"One day this could be an incredibly useful tool to help fight global warming," said Sam Krevor, the lead author of a new study by scientists at Columbia University's Earth Institute and the U.S. Geological Survey that maps such rocks in the United States.
Scientists have long known that rocks naturally absorb carbon dioxide over thousands of years by binding it with minerals to form solids like calcium carbonate, a common substance found in rocks and the main component of snail shells and eggshells.
When their surfaces are dissolved by weathering and natural cycles, the rocks absorb carbon dioxide from the atmosphere as it re-crystallizes.
Scientists have speeded up that process in the laboratory by grinding rocks and adding a catalyst like sodium citrate to dissolve them. The rocks then reform in minutes, absorbing carbon dioxide.
But that process occurs on too small a scale and requires too much energy and other inputs to tackle the vast volumes of carbon dioxide blamed for global warming.
So scientists are looking to natural rock outcroppings, which they hope can be forced to absorb CO2 faster than happens naturally.
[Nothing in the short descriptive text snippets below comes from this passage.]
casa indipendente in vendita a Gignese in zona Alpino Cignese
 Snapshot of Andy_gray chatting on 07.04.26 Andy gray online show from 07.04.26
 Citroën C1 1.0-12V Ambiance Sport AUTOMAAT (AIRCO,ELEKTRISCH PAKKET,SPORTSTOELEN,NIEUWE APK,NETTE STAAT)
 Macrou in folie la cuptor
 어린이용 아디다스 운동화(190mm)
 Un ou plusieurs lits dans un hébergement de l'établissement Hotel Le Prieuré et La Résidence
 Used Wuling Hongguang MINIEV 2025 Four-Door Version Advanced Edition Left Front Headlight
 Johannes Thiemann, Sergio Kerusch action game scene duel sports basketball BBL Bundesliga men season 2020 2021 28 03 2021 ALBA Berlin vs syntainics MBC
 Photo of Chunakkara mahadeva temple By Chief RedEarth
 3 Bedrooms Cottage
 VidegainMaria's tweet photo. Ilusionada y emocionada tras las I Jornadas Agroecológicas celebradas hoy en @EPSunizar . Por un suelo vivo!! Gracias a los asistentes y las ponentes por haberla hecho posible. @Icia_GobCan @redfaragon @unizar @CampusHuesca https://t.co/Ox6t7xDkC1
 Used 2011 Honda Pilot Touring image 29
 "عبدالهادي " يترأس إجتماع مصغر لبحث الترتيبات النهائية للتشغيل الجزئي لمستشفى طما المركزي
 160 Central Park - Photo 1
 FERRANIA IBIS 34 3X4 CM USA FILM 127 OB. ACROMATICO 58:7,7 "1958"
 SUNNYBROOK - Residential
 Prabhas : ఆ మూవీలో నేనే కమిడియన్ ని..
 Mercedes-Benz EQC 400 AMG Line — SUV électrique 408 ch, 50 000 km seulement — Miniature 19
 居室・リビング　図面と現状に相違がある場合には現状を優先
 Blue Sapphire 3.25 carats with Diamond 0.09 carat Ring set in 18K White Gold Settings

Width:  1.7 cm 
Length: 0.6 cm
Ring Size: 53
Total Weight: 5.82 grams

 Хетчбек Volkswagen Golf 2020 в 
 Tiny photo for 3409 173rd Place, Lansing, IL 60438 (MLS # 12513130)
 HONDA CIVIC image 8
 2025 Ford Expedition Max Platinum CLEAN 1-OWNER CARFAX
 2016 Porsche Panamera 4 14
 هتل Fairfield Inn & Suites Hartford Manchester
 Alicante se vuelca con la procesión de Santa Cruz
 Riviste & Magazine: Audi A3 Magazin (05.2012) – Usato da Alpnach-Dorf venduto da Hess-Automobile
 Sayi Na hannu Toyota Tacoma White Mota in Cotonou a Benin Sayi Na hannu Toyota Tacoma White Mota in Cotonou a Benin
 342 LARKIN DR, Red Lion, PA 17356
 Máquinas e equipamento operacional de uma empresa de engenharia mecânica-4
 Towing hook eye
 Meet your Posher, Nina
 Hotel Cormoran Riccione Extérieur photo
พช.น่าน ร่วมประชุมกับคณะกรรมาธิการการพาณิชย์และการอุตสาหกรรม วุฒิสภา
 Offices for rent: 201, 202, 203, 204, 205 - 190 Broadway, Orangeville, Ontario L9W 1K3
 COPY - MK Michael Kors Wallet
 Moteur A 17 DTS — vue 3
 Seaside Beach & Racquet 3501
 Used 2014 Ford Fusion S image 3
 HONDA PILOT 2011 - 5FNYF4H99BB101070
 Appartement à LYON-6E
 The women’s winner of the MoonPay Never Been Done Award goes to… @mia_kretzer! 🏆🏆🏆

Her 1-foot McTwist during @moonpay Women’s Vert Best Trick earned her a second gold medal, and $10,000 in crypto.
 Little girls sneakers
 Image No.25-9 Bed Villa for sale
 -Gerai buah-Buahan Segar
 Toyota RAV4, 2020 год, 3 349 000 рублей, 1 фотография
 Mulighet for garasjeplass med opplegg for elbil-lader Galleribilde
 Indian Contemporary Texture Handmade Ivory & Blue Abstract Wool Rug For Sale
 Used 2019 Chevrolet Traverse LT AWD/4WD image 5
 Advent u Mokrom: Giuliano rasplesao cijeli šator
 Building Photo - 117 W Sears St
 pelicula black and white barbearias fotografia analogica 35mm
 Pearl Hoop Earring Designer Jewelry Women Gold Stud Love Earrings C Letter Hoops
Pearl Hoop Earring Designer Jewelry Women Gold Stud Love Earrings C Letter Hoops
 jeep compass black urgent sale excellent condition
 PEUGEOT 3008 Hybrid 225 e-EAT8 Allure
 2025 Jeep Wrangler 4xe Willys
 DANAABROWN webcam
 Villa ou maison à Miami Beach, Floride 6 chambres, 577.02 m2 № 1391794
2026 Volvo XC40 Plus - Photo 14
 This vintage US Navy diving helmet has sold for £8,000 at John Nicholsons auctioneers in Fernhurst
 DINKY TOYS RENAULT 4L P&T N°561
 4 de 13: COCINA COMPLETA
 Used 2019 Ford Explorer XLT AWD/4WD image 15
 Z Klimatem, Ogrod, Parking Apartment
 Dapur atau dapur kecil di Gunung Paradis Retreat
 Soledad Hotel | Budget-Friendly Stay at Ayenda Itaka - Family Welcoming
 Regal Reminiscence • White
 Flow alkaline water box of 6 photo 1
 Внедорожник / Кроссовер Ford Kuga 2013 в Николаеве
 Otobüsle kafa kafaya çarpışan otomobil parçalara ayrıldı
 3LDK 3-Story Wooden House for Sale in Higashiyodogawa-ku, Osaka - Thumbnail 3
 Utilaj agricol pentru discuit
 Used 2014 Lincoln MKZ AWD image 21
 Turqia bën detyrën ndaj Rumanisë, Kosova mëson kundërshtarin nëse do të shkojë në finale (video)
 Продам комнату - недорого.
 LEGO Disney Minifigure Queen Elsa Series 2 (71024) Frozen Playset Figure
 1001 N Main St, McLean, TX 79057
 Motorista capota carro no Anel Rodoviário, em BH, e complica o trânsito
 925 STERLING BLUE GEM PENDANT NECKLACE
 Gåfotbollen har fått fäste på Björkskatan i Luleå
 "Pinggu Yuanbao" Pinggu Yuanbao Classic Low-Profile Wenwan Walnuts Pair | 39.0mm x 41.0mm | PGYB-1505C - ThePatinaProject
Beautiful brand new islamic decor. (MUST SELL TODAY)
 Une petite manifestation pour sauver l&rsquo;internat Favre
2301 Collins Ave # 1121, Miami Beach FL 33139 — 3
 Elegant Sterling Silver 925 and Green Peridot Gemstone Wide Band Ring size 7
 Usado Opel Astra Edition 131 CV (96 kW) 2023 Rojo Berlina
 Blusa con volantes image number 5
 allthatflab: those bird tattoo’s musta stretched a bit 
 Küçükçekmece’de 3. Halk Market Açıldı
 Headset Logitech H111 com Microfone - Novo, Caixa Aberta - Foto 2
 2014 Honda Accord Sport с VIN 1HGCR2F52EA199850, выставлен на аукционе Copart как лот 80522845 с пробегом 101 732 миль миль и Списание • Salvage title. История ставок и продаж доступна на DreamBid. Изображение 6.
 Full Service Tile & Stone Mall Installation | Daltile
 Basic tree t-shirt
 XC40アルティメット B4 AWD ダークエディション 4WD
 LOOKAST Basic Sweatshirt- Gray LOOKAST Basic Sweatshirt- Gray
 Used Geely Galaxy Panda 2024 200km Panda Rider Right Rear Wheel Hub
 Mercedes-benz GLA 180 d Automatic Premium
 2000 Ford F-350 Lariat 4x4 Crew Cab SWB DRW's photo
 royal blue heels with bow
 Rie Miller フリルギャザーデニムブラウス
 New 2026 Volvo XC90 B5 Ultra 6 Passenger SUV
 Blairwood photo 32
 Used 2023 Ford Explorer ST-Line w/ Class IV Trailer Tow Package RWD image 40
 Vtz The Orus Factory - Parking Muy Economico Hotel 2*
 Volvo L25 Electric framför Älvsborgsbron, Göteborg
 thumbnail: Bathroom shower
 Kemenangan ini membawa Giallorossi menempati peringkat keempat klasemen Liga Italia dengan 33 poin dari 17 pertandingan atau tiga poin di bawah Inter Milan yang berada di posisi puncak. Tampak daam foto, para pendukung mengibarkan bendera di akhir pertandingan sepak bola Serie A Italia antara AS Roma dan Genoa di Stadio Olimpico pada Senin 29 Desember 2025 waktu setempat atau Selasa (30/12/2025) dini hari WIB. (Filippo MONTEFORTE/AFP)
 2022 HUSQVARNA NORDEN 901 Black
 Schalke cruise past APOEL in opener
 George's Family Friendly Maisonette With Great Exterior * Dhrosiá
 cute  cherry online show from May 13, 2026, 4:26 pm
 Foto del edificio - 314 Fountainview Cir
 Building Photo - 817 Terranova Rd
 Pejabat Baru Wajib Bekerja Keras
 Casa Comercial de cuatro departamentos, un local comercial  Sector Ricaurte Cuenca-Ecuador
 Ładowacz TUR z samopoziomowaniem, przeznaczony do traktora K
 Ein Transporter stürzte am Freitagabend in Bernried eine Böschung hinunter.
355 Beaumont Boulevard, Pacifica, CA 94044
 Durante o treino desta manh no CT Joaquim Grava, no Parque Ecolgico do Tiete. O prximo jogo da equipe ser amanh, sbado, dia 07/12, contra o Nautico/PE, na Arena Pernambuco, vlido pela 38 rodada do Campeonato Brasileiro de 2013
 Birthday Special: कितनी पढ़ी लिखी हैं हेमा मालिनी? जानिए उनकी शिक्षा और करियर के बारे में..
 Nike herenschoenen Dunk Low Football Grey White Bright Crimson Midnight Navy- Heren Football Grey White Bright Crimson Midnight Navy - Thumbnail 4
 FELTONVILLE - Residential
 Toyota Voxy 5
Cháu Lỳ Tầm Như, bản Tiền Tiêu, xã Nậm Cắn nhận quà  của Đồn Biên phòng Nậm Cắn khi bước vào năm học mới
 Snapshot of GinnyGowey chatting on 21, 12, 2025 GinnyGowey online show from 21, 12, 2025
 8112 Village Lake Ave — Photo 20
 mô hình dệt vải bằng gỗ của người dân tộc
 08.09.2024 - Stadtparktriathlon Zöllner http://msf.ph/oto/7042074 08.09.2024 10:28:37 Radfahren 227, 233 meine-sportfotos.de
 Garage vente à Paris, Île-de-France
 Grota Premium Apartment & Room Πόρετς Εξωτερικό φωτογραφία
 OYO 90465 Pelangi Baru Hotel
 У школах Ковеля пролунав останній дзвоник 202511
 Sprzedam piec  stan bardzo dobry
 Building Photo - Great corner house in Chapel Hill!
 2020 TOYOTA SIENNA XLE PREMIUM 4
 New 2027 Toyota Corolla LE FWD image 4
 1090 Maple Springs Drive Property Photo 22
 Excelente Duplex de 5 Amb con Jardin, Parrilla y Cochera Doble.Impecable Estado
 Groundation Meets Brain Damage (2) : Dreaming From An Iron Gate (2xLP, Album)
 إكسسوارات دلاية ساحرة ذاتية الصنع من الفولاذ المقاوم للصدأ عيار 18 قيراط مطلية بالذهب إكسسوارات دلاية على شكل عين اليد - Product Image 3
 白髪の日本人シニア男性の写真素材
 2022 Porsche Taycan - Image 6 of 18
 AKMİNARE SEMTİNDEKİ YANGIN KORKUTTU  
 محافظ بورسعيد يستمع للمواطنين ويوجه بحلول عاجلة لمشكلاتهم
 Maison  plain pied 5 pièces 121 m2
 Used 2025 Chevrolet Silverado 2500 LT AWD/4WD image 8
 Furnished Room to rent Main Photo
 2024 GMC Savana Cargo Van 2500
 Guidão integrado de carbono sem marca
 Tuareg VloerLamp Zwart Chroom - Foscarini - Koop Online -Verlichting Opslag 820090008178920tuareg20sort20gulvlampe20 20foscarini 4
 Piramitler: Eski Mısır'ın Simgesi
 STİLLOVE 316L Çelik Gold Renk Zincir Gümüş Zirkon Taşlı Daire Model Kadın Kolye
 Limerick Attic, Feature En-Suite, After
One method could involve boring into rock and injecting it with hot water and pressurized carbon dioxide.
More research needs to be done to determine whether this is feasible. But if it works, it could reduce the need for an emerging sequestration industry that aims to capture carbon dioxide from such facilities as coal-fired power plants for injection deep underground for permanent storage.
The world is looking to limit emissions of greenhouse gases like CO2 as climate scientists warn that their elevated global levels could lead to higher temperatures, causing deadly floods, droughts, heat waves and stronger storms.
Some 6,000 square miles (15,540 sq km) of rocks rich in the minerals olivine and serpentine that could be supercharged to absorb carbon dioxide lie on or near the surface in California, Oregon and Washington, and along the entire Appalachian belt of eastern North America from Alabama to Newfoundland, according to the study.
Similar rocks are also abundant in Oman and in the Pacific islands of Papua New Guinea and Caledonia and along the coast of the Adriatic Sea.
Krevor said the U.S. rocks could potentially absorb 500 years' of the country's CO2 emissions. The United States is the world's second-largest carbon dioxide emitter after China.
"The problem is not going to be a lack of rocks, it's getting them to do the job," Krevor said.